Les femmes savantes
Certes votre prudence est rare au dernier point!
N'avez-vous point de honte avec votre mollesse?
660 Et se peut-il qu'un homme ait assez de faiblesse
Pour laisser à sa femme un pouvoir absolu,
Et n'oser attaquer ce qu'elle a résolu?
CHRYSALE
Mon Dieu, vous en parlez, mon frère, bien à l'aise,
Et vous ne savez pas comme le bruit me pèse.
665 J'aime fort le repos, la paix, et la douceur,
Et ma femme est terrible avecque son humeur.
Du nom de philosophe elle fait grand mystère*,
Mais elle n'en est pas pour cela moins colère;
Et sa morale faite à mépriser le bien,
670 Sur l'aigreur de sa bile opère comme rien*.
Pour peu que l'on s'oppose à ce que veut sa tête,
On en a pour huit jours d'effroyable tempête.
Elle me fait trembler dès qu'elle prend son ton.
Je ne sais où me mettre, et c'est un vrai dragon;
675 Et cependant avec toute sa diablerie,
Il faut que je l'appelle, et "mon cœur", et "ma mie".
ARISTE
Allez, c'est se moquer. Votre femme, entre nous,
Est par vos lâchetés souveraine sur vous.
Son pouvoir n'est fondé que sur votre faiblesse.
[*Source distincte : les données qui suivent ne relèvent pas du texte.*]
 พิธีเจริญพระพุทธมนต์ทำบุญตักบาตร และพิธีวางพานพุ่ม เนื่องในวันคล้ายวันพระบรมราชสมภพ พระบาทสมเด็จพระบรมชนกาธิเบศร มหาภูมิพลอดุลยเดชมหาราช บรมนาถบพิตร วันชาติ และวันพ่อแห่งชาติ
680 C'est de vous qu'elle prend le titre de maîtresse.
Vous-même à ses hauteurs vous vous abandonnez,
Et vous faites mener en bête par le nez.
Quoi, vous ne pouvez pas, voyant comme on vous nomme,
Vous résoudre une fois à vouloir être un homme?
685 À faire condescendre une femme à vos vœux,
Et prendre assez de cœur pour dire un: "Je le veux"?
Vous laisserez sans honte immoler votre fille
Aux folles visions qui tiennent la famille,
Et de tout votre bien revêtir un nigaud,
690 Pour six mots de latin qu'il leur fait sonner haut?
Un pédant qu'à tous coups votre femme apostrophe
Du nom de bel esprit, et de grand philosophe,
D'homme qu'en vers galants jamais on n'égala,
Et qui n'est, comme on sait, rien moins que tout cela?